Gallagher took a swig. "What the fug is it made of?" he asked.
"Oh, it's good stuff," Wilson assured him. He took a long drink and exhaled pleasurably. The liquor flushed its way through his throat and chest and settled warmly in his stomach. He felt tendrils of pleasure winding through his limbs and a joyous warmth began to relax his body. "Man, that does me good," he said. With the drink inside him, and the knowledge that there would be more to follow, Wilson felt mellow, he had a desire to speak of philosophical subjects. "Y'know," he said, "whisky is the kind of thing a man oughtn't to do without. That's the trouble with the goddam war; a man cain't get off by hisself, and do the kind of things where he had a good time for hisself and don't hurt no one a damn bit."

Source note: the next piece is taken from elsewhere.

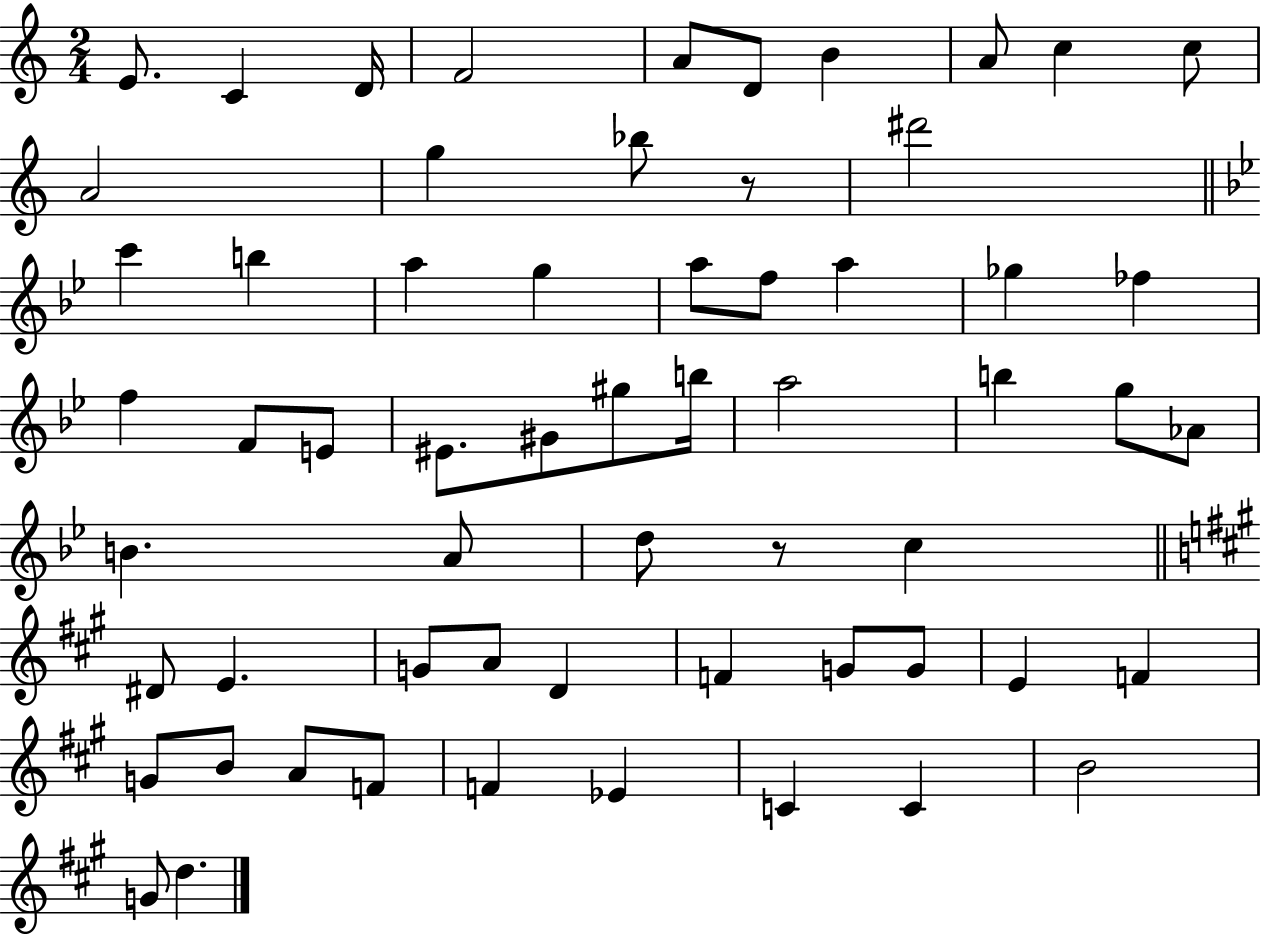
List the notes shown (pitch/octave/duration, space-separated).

Croft grunted inaudibly and wiped the mouth of the canteen before he drank. Red sifted some dirt through his fingers. The liquor had been sweet and raw; it had rasped his throat and the irritation expanded through his body. He rubbed the side of his lumpish red nose and spat angrily. "No one's gonna ask you what you want to do," he told Wilson. "They just send you out to get your ass blown off." For an instant, he saw again the dead bodies in the green draw, the naked look of lacerated flesh. "Don't kid yourself," he said, "a man's no more important than a goddam cow."
Gallagher was remembering how the legs and arms of the Japanese prisoner had twitched for a second after Croft had shot him. "Just like wringing the neck of a fuggin chicken," he muttered surlily.
Martinez looked up. His face was drawn, and there were shadows under his eyes. "Why not you keep quiet?" he asked. "We see same things you do." His voice, almost always quiet and polite, had an angry strident note which amazed Gallagher and silenced him.